Analyzing bank profile shape of alluvial stable channels using robust optimization and evolutionary ANFIS methods

In natural rivers and artificial channels in addition to the channel dimensions (widening, reduction in slope and depth in the channel banks), formed shape profile in the case that the sediment on the banks with no movement (thresholds state) is of considerable importance for engineers. To determine the bank shape profiles, various theoretical, empirical and statistical relations have been provided based on physical and numerical models by different researchers. In this study, a simple model of adaptive neuro-fuzzy inference systems (ANFIS) is combined with two algorithms of differential evolution (DE) and singular value decomposition value (SVD) and the performance of these models to predict the stable shape profiles of the channels is evaluated and compared. In this paper, the main goal is to assess extensively the effect of hybrid models based on optimized algorithms (ANFIS-DE) and multi-objective evolutionary algorithm (ANFIS-DE/SVD) in improvement of performance of ANFIS and ANFIS-DE models, respectively. Accordingly, the results assessment show that all three ANFIS, ANFIS-DE and ANFIS-DE/SVD models are perfectly able to predict shape profiles in accordance with the observed profiles for the threshold channels. Using optimized and evolutionary algorithms has a positive impact on the performance of simple model of ANFIS. As compared to the simple ANFIS model, ANFIS-DE approximately 10.1% and ANFIS-DE/SVD model 7.2% is improved compared to the ANFIS-DE model. The accuracy of ANFIS-DE/SVD model showed better performance as well about 18.6% compared to the simple ANFIS model.

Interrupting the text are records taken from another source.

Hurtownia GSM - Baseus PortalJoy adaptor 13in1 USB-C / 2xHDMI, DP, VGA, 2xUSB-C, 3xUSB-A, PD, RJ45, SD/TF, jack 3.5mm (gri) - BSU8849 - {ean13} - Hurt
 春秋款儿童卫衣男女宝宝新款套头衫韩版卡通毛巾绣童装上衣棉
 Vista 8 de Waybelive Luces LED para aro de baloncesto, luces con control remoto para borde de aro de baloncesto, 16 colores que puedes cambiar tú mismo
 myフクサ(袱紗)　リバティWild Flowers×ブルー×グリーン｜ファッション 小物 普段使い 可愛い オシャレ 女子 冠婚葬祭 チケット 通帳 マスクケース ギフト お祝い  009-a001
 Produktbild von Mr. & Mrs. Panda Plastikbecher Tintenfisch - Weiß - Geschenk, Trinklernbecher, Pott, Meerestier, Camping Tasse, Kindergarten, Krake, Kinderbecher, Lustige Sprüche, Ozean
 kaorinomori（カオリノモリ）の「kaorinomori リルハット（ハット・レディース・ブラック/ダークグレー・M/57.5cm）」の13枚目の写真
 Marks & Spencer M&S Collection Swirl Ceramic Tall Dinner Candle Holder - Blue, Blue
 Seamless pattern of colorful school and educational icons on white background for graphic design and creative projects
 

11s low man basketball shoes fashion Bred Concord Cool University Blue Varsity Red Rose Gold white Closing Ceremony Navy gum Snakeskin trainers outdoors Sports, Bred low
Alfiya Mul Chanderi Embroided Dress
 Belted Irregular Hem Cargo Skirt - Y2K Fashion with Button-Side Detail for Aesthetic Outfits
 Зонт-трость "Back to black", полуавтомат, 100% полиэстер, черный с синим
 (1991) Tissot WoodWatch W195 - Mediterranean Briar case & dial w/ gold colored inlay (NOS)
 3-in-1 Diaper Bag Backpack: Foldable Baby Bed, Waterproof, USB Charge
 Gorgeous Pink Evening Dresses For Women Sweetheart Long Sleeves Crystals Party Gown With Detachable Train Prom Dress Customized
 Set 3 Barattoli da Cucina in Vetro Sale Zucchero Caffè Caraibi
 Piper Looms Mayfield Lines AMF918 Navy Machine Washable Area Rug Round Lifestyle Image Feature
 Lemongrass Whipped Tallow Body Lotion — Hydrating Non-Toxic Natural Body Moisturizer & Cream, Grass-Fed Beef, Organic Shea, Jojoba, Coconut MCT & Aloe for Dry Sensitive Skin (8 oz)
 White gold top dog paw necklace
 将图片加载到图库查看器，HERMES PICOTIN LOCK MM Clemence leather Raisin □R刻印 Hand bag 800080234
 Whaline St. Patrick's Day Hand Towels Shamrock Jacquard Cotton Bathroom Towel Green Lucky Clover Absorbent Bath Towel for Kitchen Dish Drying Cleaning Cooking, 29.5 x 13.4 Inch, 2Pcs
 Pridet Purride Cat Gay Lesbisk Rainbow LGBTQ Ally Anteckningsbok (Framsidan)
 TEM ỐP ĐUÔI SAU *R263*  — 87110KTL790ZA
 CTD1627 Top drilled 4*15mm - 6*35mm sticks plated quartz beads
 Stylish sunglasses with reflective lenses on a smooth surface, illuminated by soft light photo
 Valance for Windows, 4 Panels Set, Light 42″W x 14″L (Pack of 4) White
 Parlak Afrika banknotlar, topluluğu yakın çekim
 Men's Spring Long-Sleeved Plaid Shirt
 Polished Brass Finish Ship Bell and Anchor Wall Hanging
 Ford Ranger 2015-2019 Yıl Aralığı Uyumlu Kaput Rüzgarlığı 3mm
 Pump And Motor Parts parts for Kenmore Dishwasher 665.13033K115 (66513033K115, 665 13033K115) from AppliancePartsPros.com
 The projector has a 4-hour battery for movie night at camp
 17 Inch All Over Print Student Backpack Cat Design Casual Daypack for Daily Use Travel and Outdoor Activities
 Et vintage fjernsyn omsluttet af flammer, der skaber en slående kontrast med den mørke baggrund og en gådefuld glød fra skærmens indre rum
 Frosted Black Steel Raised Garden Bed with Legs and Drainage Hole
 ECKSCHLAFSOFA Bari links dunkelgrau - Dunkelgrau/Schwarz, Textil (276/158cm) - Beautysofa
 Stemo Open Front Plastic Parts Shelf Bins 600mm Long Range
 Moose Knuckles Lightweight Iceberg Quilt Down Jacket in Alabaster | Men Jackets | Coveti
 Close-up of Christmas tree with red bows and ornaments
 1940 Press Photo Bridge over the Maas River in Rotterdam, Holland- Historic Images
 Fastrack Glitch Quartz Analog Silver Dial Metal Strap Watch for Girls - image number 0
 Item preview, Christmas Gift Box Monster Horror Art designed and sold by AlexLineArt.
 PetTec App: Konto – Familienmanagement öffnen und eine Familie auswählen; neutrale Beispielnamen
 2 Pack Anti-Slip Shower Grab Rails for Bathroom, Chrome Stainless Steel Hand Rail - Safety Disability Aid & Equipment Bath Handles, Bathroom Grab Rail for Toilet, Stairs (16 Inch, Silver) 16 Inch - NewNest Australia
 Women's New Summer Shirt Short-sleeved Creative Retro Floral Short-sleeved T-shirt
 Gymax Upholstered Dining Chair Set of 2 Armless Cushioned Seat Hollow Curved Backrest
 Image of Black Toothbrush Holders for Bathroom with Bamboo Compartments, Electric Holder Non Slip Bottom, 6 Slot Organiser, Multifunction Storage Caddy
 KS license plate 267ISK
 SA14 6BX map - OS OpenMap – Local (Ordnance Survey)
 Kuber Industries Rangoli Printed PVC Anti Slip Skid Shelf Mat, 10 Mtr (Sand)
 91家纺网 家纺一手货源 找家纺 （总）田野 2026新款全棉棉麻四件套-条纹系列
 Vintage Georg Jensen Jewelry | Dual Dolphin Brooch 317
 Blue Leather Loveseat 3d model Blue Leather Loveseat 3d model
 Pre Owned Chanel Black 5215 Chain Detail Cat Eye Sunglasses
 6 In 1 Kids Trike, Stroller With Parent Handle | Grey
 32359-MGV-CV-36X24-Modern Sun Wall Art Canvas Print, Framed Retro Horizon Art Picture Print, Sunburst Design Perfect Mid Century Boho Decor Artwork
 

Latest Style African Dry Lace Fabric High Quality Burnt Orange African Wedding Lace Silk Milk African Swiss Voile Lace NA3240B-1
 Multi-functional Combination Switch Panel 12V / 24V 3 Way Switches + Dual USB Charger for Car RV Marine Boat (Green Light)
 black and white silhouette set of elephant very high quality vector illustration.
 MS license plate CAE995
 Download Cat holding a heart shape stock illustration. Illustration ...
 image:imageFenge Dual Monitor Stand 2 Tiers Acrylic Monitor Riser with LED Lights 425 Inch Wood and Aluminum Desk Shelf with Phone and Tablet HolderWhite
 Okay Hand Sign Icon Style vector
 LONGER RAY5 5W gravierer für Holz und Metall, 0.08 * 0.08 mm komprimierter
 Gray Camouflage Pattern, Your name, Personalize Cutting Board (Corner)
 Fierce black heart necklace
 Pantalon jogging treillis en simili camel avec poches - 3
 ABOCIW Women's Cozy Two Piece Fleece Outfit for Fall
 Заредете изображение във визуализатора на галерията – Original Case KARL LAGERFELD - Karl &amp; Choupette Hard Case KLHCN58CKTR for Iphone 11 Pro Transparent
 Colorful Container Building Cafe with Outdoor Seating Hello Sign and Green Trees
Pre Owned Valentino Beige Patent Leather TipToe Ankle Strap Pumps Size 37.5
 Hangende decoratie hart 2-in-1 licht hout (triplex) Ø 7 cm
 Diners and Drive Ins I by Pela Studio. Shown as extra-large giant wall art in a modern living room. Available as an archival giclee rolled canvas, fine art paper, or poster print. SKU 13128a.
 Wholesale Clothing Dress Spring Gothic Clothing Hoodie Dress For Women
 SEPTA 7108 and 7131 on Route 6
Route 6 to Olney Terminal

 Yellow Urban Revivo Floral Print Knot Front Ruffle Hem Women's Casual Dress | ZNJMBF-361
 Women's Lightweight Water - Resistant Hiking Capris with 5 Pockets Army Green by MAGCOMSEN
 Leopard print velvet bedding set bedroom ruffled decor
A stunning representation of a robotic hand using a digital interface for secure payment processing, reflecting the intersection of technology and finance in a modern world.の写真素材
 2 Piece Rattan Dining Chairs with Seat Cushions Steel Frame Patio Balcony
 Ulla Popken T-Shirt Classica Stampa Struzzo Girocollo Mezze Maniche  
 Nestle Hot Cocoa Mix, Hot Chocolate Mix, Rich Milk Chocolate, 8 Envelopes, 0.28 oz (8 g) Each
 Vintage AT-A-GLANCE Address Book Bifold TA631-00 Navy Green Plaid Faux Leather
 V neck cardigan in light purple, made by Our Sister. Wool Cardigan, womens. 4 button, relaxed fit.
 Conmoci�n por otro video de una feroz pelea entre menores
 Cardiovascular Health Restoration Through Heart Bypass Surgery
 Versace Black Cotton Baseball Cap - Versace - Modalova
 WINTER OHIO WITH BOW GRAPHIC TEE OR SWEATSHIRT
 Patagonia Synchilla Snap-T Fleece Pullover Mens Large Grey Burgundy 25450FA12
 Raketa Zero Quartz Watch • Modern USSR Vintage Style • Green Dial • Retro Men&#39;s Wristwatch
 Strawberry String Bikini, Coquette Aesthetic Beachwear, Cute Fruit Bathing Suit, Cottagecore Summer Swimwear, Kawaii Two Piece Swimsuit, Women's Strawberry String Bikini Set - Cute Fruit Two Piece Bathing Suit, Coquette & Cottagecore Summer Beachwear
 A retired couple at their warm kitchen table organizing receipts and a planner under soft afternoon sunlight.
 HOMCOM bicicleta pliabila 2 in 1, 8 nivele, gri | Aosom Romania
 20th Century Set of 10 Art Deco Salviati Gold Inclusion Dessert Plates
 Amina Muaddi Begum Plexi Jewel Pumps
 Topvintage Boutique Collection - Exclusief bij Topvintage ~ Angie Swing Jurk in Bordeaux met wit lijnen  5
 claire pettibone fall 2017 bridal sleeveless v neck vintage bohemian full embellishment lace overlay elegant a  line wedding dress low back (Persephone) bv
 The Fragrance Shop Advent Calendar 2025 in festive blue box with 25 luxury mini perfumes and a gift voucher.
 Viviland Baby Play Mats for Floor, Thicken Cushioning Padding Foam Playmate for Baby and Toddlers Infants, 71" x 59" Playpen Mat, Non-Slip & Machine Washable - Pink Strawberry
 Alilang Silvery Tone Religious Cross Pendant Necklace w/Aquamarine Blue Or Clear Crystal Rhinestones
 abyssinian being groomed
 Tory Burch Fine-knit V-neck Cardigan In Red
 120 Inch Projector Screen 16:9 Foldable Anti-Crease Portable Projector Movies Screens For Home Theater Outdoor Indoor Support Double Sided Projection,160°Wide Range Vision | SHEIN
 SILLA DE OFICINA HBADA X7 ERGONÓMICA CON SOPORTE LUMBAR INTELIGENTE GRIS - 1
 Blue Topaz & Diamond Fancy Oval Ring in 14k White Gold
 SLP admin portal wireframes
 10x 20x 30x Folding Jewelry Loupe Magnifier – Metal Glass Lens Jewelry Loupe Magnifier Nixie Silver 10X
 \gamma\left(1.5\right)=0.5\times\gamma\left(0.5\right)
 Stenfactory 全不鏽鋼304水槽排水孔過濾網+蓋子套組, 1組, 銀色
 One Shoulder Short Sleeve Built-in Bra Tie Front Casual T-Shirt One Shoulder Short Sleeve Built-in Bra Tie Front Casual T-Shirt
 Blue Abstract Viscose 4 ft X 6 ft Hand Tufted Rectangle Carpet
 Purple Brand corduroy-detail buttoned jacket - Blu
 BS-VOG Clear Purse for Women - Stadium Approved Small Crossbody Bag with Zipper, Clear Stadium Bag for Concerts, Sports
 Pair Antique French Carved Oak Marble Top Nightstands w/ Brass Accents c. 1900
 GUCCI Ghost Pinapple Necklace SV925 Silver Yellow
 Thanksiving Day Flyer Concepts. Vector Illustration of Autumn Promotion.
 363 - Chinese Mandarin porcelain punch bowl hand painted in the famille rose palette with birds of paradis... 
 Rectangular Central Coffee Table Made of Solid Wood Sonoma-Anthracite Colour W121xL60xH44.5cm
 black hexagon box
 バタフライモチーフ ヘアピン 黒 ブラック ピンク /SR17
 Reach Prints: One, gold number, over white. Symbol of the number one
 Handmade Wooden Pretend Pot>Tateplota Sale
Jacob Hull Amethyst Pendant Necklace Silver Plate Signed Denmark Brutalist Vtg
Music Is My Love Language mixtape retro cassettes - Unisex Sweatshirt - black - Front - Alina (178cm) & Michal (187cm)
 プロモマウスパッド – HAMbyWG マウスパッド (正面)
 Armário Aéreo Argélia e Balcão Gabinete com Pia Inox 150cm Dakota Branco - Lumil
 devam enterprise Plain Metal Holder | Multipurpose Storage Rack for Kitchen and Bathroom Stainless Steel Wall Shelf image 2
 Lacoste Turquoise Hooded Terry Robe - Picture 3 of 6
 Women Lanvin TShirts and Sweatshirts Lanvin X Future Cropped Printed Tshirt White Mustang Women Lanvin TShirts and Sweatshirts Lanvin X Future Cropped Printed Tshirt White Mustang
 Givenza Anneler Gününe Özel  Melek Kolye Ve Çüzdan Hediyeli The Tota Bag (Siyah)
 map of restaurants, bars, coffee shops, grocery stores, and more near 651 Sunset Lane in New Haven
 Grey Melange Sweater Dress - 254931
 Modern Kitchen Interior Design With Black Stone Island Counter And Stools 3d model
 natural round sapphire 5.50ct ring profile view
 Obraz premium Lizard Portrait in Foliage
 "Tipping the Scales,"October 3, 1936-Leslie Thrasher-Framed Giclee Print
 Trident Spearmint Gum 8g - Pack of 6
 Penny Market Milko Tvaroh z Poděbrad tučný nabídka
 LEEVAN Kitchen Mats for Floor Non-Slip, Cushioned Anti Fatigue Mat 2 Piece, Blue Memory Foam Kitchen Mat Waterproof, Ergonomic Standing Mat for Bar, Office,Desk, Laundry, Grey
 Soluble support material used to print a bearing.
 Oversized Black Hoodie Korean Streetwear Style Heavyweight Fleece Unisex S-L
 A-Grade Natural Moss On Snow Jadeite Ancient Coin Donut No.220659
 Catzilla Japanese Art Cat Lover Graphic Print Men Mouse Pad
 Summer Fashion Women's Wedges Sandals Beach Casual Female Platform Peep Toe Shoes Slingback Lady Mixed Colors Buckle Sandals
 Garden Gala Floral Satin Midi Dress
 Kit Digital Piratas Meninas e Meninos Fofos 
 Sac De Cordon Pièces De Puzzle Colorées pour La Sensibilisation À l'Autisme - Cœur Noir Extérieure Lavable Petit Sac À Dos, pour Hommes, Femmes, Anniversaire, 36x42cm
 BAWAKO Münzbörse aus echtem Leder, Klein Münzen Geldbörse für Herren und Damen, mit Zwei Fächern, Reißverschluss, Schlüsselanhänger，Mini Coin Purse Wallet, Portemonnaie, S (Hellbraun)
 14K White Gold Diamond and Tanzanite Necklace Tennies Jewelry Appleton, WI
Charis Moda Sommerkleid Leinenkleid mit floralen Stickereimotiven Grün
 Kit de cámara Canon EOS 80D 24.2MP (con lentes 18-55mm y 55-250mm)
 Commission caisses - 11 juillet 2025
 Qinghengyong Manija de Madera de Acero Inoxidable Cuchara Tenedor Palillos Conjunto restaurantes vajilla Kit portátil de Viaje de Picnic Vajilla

Therefore, it can be said that not only DE optimization algorithms have a significant impact on increasing the performance of a simple ANFIS model but also using evolutionary algorithms (ANFIS-DE/SVD) reduce the ANFIS-DE model error accordingly. Polynomial equations of bank profiles proposed by hybrid ANFIS models in the present study can be used in design and implementation of cross section of stable channels.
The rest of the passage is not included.